Another way of looking at it is in terms of bits of resolution. 16 bit PCM, at an operating level of 20 dB below full-scale, is really around 12 bits of audio. At 40 dB below operating level, there are only 6 bits describing the audio signal. To grasp what this means, a 1-bit error in the digital description of the signal gives a distortion of 1.5 percent at 16 bit resolution.
(Note, part of his argument is irrelevant, since dither linearizes the PCM system at low levels and gets rid of this type of distortion. But I have no argument that 16 bits are not enough, for many other reasons)
Even if the digital description of amplitude is dead-on, there is significant harmonic distortion in the audible frequency range going on at 6-bit resolution.
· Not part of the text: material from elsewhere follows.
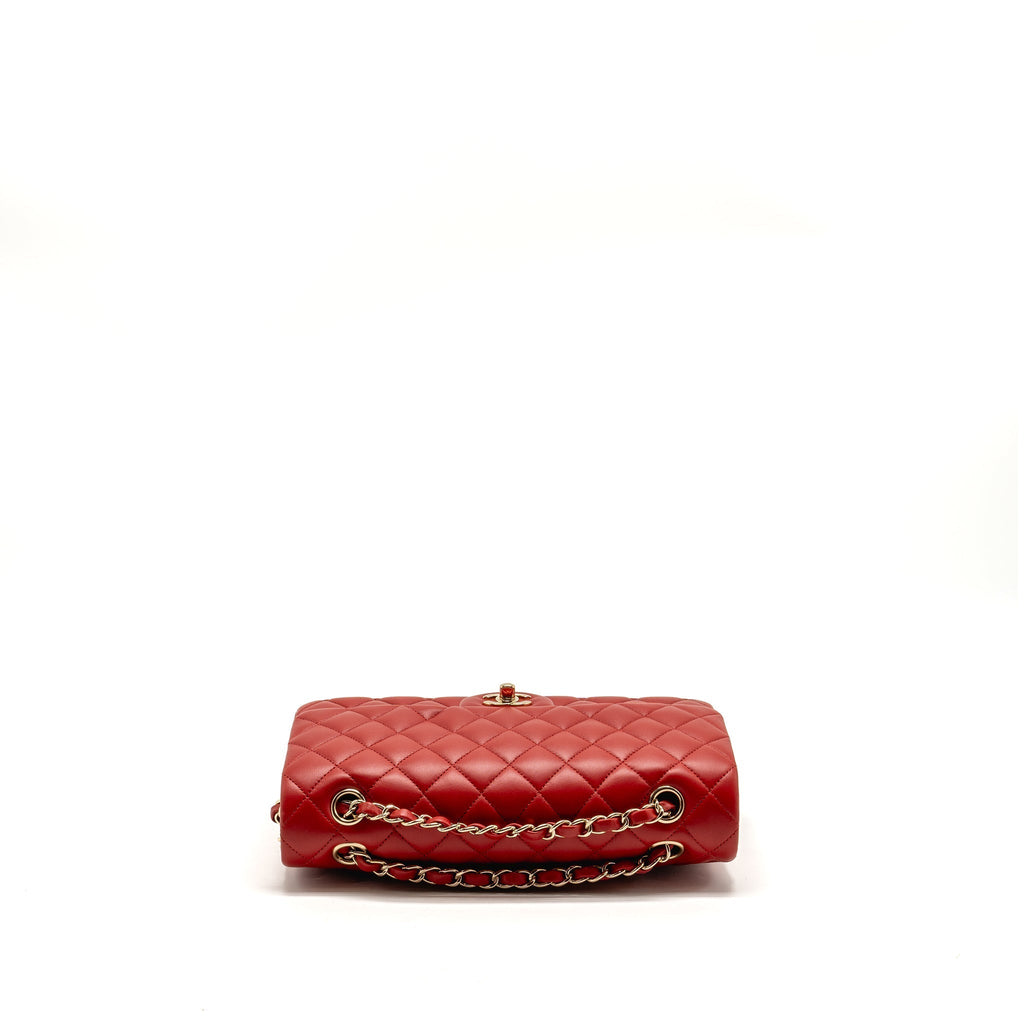 CHANEL MEDIUM CLASSIC DOUBLE FLAP BAG LAMBSKIN RED LGHW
And it just gets worse as thelevel drops on digital recordings. How can we possibly experience good sonic detail at low levels with 16 bit PCM? At 40dB below operating level, analog tape maintains its linearity, and thus reproduces with better clarity. I don’t have figures at hand, but I’m sure the harmonic distortion is very low.
The point is that what we’re hearing is understandable in simple terms, and can be measured with common instruments. It’s not rocket science. All of this just supports your point even more, that analog recording has not yet lost it’s edge… -Michael Karagosian President, Cinema Group, Ltd.
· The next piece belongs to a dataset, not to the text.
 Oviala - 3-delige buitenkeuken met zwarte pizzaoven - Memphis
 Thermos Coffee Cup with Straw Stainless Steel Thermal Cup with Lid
(once upon a time, an engineer with Dolby Laboratories)
Of course, it can be argued that with dither, a 16-bit system can perform as well as that analog tape. And more and more linear A/D converters are being developed with excellent linearity at low levels. But the ears seem to indicate that despite the fact that analog tape’s noise is higher than the dither noise of 16-bit, the apparent low level resolution of the analog tape is superior to 16-bit digital. Once you get to 24 bits, though, low resolution of the digital improves, and the subjective judgments get closer.
I think it’s because the “effective sample rate” of analog tape is higher… Or, to look at it another way: the filtering in the analog tape is gentle, with response to about 30 kHz, but severe filtering in the 44.1 ks/s digital system is required, and I think I hear the artifacts of that filtering… Or because of analog tape’s slightly greater 2nd and 3rd harmonic distortion, even at low levels, than digital, which warms up the sound without fuzzing it. As opposed to “naked digital” which can be extremely revealing of any of the harshness in a source. When you move to 24/96 rates and higher, many people find the digital sound to be as pure or purer than analog tape.
I replied to Michael:
Thanks very much for the comments and your perspective, Michael!
Of course, one thing neither you nor I discuss directly is why analog seems to have more space. However, the relationship between “more bits” and increased space (e.g., 24-bit has more space and depth than 16) seems to point out that the spatial and depth information in a recording are directly related to low level resolution as well.
By the way, I was the first official “user” of Dolby SR in the New York area and on the “first users” list!
And Michael has the best last word:
Bob, glad you liked it. I appreciate that you’re keeping the topic of quality alive. I feel like the music industry has been overridden by the surge of technology, a lot of which is not music-friendly, and most of which is poorly understood by users.